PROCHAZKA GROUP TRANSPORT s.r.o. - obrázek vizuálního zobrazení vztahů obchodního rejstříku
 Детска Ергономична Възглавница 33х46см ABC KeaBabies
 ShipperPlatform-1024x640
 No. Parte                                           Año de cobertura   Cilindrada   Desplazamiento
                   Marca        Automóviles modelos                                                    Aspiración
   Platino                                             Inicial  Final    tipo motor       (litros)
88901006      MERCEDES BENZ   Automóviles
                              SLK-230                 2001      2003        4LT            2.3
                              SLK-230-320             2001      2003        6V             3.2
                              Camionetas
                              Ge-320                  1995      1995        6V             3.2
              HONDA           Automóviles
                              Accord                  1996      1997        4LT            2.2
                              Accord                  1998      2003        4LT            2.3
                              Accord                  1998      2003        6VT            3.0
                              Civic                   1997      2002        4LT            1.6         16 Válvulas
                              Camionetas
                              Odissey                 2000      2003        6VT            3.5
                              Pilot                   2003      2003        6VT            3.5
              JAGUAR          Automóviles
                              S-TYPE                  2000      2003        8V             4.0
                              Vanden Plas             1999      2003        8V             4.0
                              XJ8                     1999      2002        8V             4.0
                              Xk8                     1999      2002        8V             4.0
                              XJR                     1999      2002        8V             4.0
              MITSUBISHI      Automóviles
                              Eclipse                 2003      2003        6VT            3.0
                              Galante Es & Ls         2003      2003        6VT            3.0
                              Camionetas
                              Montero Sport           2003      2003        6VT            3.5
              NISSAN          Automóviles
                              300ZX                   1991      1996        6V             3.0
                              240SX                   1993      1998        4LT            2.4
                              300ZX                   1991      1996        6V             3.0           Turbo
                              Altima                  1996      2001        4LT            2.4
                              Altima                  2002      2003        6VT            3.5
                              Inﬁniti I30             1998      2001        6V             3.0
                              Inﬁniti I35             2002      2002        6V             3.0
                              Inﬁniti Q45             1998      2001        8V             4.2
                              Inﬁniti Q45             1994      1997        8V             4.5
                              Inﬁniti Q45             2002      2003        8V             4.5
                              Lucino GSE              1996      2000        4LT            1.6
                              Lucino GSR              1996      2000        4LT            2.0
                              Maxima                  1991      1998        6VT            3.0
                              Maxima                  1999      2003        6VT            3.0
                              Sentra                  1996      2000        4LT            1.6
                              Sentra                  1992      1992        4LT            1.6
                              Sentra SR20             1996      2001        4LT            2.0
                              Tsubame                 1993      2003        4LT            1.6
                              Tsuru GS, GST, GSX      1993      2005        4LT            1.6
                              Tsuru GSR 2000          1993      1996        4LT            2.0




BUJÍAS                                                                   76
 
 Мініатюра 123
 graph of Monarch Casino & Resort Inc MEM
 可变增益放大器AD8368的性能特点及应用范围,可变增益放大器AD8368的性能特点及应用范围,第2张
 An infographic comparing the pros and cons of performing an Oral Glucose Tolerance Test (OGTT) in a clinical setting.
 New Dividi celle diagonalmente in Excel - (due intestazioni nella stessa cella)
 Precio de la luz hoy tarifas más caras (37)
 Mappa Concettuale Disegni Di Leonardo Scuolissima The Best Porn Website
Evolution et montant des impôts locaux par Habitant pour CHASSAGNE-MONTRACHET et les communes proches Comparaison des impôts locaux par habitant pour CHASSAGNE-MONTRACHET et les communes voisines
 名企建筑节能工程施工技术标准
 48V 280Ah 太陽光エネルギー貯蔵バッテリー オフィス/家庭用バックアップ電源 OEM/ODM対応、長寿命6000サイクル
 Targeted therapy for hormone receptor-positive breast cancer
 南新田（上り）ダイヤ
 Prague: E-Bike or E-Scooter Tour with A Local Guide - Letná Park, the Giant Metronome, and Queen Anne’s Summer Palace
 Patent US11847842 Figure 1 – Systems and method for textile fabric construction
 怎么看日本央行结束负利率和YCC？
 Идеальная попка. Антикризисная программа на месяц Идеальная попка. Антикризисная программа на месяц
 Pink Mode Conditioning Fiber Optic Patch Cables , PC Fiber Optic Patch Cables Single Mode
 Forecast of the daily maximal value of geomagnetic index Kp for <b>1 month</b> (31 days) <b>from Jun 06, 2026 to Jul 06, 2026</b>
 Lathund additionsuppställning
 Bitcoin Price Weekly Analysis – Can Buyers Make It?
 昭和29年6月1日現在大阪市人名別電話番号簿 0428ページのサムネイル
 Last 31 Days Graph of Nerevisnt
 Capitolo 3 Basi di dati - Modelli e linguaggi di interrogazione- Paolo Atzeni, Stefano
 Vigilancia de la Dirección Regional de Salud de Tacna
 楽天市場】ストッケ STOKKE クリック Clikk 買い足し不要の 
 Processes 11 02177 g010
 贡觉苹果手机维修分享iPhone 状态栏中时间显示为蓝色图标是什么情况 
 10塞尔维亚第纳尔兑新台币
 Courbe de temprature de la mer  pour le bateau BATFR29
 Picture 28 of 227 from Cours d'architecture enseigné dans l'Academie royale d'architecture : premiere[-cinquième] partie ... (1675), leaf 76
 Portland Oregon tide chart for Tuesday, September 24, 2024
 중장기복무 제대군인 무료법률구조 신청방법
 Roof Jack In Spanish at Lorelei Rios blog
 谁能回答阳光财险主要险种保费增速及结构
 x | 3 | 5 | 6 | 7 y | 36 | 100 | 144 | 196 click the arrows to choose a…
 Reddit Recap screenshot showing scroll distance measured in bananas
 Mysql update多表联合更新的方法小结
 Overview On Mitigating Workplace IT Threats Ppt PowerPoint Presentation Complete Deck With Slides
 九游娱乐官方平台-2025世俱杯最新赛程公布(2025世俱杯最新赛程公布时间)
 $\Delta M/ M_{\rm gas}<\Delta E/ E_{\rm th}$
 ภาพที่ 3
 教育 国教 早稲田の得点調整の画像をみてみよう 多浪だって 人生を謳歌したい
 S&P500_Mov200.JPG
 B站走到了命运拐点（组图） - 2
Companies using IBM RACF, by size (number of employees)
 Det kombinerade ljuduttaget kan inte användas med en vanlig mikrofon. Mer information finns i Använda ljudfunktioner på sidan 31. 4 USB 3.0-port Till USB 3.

* To do
Scan the records above and report every line with the string "from".

* Solution to this exercise
 Forecast of the daily maximal value of geomagnetic index Kp for <b>1 month</b> (31 days) <b>from Jun 06, 2026 to Jul 06, 2026</b>
 Picture 28 of 227 from Cours d'architecture enseigné dans l'Academie royale d'architecture : premiere[-cinquième] partie ... (1675), leaf 76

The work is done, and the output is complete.